I'm little bit confused about Borel measure. What are the check to do for a Borel measure identification? Is true that these functions defined on every Borel set $F \in 2^R$ are Borel?
1) $\mu(F) := \sup F - \inf F$
2) $\mu(F) = 0$ if F countable, $+\infty$ if not
3) $\mu(F) = 0$ if $x \in F$, $\mu(F) = 1$ if not
4) $\mu(F) = $$\int_{F}^{} e^x dx$
Here my ideas for those questions
1) I can define $F=[a,b)$ and since the sup of F is not defined $\rightarrow$ False
2) According to $\sigma$-algebra measure definition, $\mu(\emptyset)=0$, but here the measure is 0 even if it's not empty $\rightarrow$ False
3) It's like the "inverse" of the Dirac measure, or an inverse of the characteristic function, but other than these motivation I can't figure out other stuff $\rightarrow$ True
4) $\mu(F) = $$\int_{F}^{} e^x dx = C\int_{B_r(0)}^{} {\chi}_F \rho^2 e^\rho d\rho$ this integral is finite $\rightarrow$ True
I need more structure on the subject, I'm afraid I'm missing huge chunks of proofs
There are many mistakes in your arguments. '$\sup F$ not defined' is not an argument for 1). If $A$ is the set of all rational numbers in $(0,)$ and $B$ is the set of all irrational numbers in $(0,)$ then $\mu (A)=1, \mu(B)=1$ and $\mu (A \cup B)=1$. Since $A$ and $B$ are disjoint this contraducts the definition of a measure. So the answer to 1) is NO.
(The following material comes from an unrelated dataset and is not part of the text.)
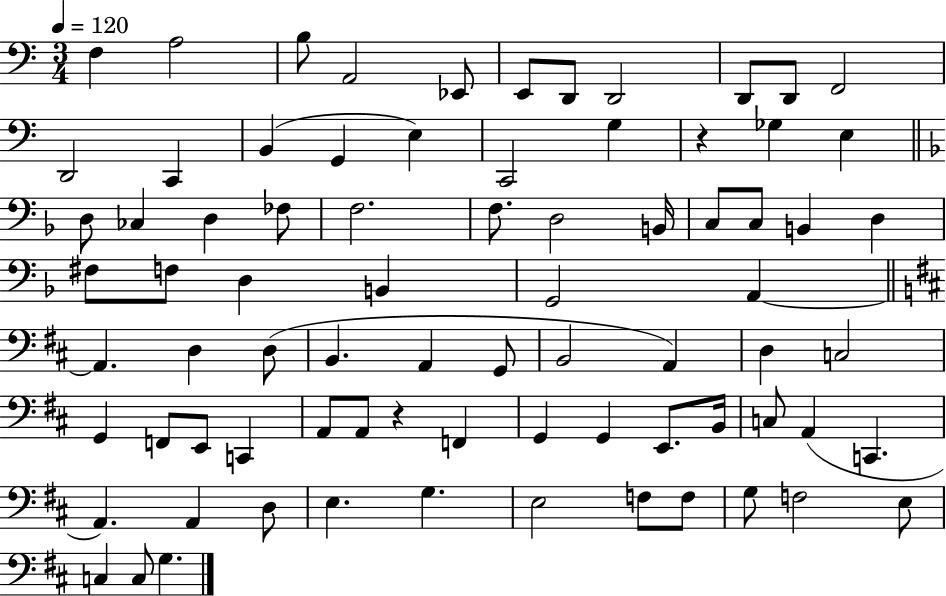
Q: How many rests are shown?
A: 2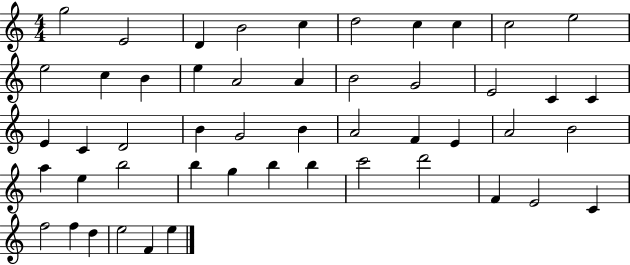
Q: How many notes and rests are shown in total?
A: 50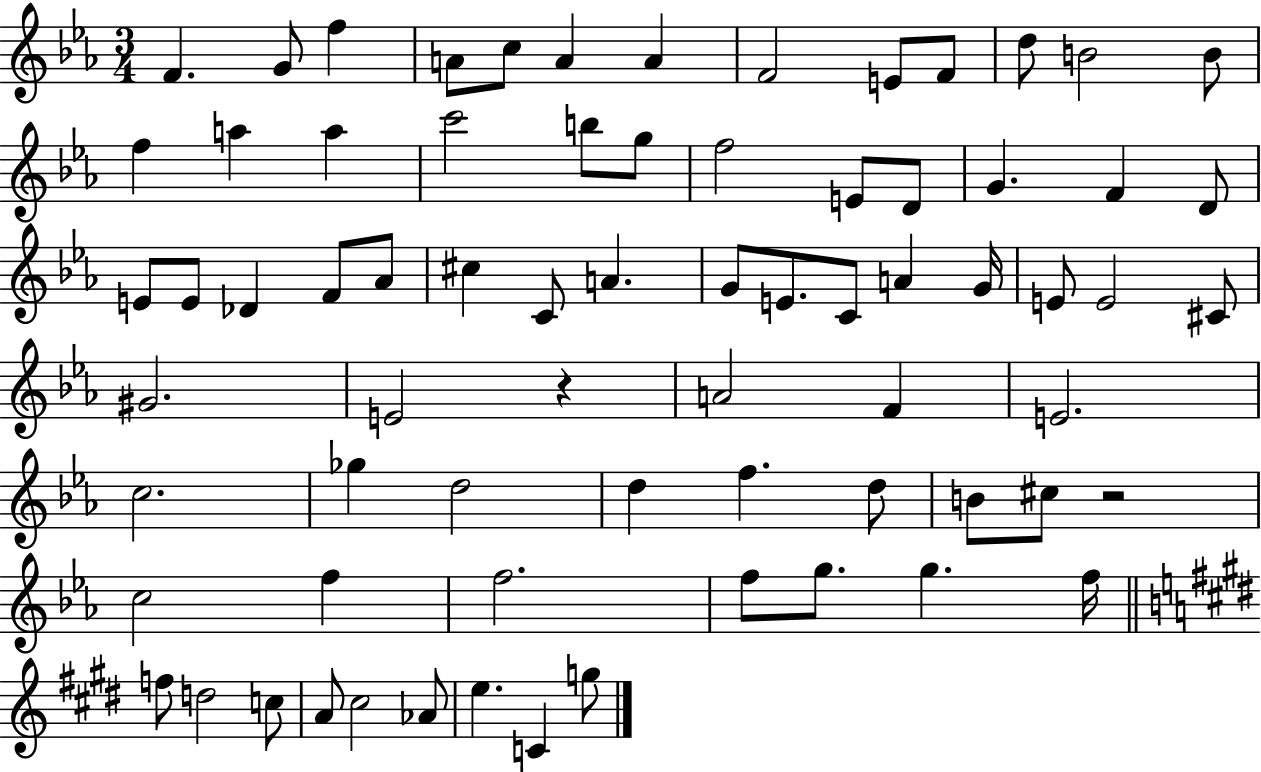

There is no requirement that the measure of a non-empty set is not zero.The answer to 2) is YES and I leave it to you to verify that this $\mu$ is indeed countable additive. [Let me know if you need help with this].
In 3) $\mu (\emptyset) =1$ which is not permissible, so the answer is NO.
in 4) $\mu$ is a Borel measure and this follows by standard measure theoretic arguments.